There is one setting:
- Terms: List of terms or characters to remove. This is a list, and in the UI, each item should be separated by a comma.
For the above example, the setting textbox should have :,Quinn:
in
it, to remove a single colon from the start of replies, and Quinn:
from the start of replies.
Other Notes
Terms are removed in the order defined by the setting. The filter loops through each term and attempts to remove it from the start of the LLM's reply.
OpenStreetMap Tool
Recommended models: Llama 3.1, Mistral Nemo Instruct.
A tool that can find certain points of interest (POIs) nearby a requested address or place.
There are currently five settings:
- User Agent: The custom user agent to set for OSM and Overpass Turbo API requests.
- From Header: The email address for the From header for OSM and Overpass API requests.
- Nominatim API URL: URL of the API endpoint for Nominatim, the reverse geocoding (address lookup) service. Defaults to the public instance.
- Overpass Turbo API URL: URL of the API endpoint for Overpass Turbo, for searching OpenStreetMap. Defaults to the public endpoint.
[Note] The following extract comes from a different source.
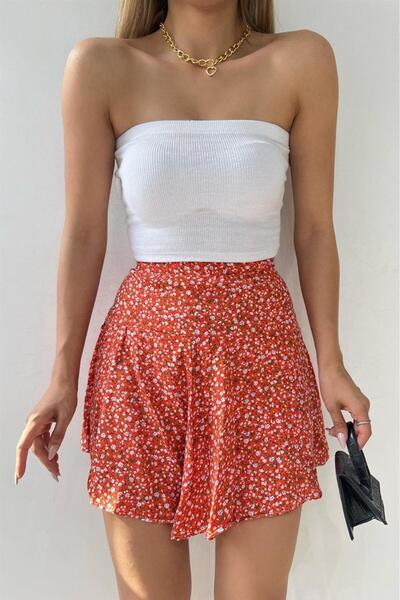 SYMPATHY Kadın Turuncu Çiçek Desenli Viskon Beli Lastikli Mini Yazlık Şort Etek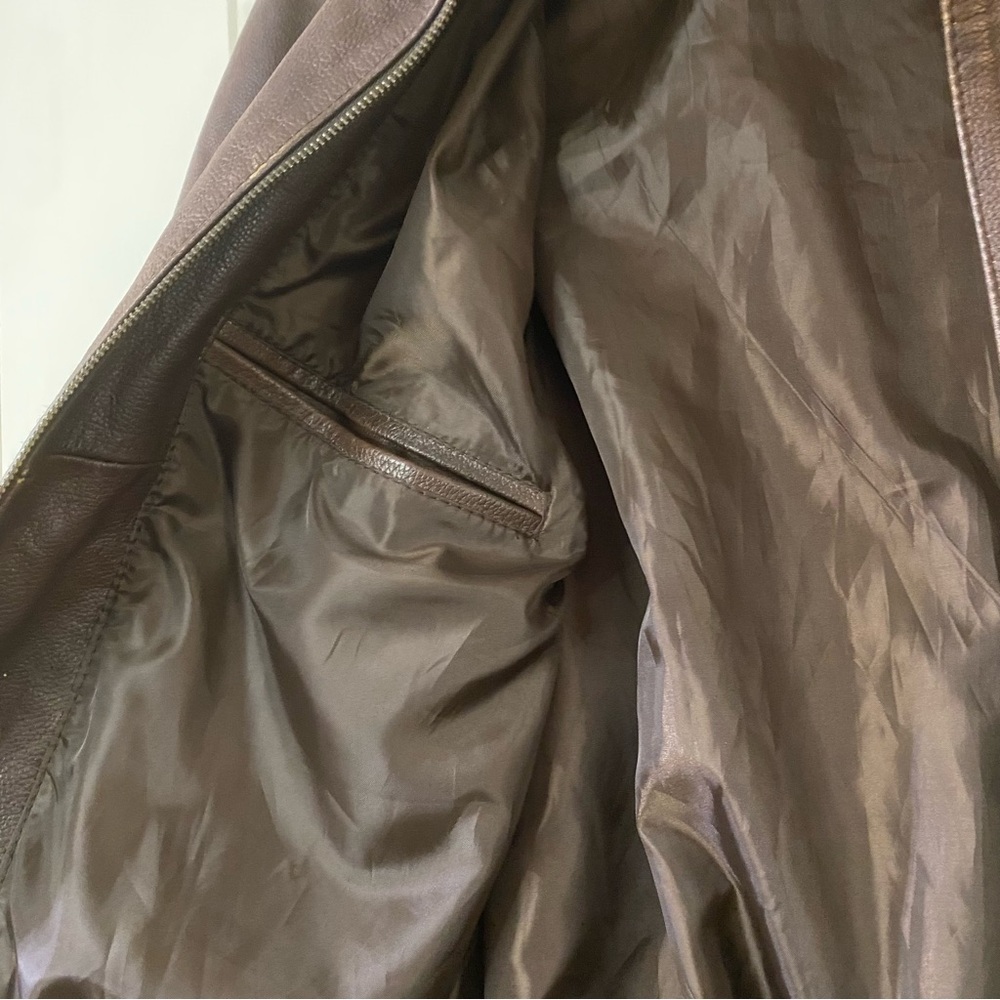 LM Jackets 2X Men’s Distressed Brown Leather Bomber Aviator Coat NWT - Picture 11 of 14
- Instruction Oriented Interpretation: Controls the level of detail in the instructions for interpreting results given to the LLM. By default, it gives detailed instructions. Turn this setting off if results are inconsistent, wrong, or missing.
The tool will not run without the User Agent and From headers set. This is because the public instance of the Nominatim API will block you if you do not set these. Use of the public Nominatim instance is governed by their terms of use.
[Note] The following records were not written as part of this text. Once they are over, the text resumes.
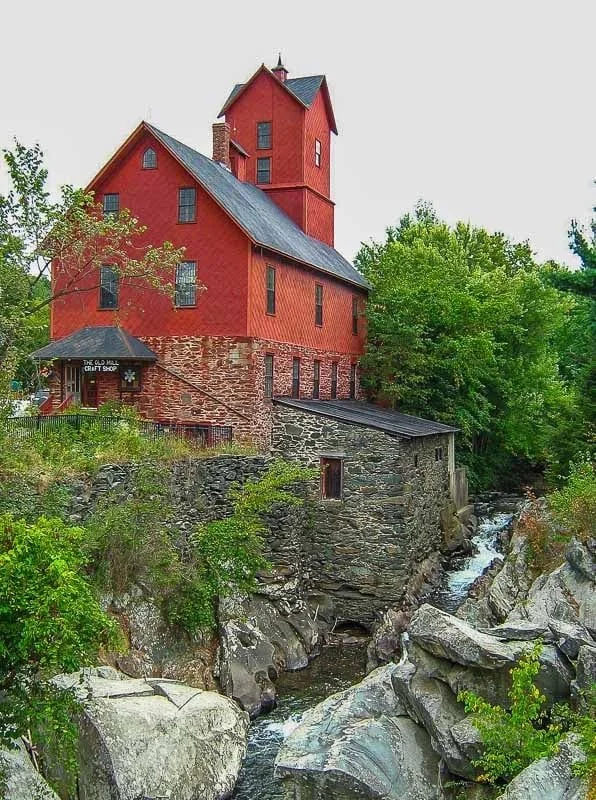 New England postcard perfection  The iconic Old Red Mill (Chittenden Mills) in Jericho, Vermont &mdash; built 1856 along the Browns River. Once a bustling grist mill with cutting-edge roller technology, now home to the Jericho Historical Society muse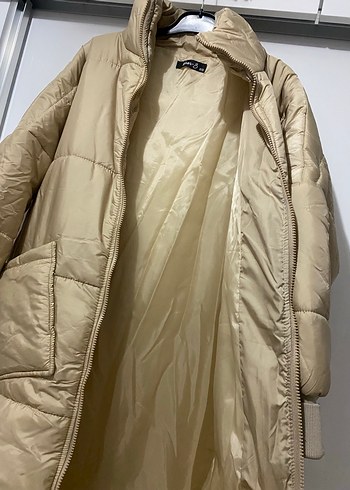 Bej Uzun Kadın Kışlık mont - Görsel 2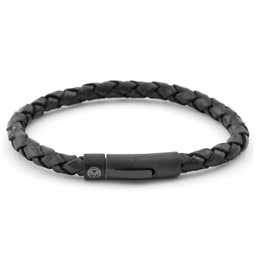 Black Braided Leather Cord Bracelet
The default API services are suitable for applications with a low volume of traffic (absolute max 1 API call per second). If you are running a production service, you should set up your own Nominatim and Overpass services with caching.
License
All filters are licensed under AGPL v3.0+. The code is free software, that you can run, redistribute, modify, study, and learn from as you see fit, as long as you extend that same freedom to others, in accordance with the terms of the AGPL. Make sure you are aware how this might affect your OpenWebUI deployment, if you are deploying OpenWebUI in a public environment!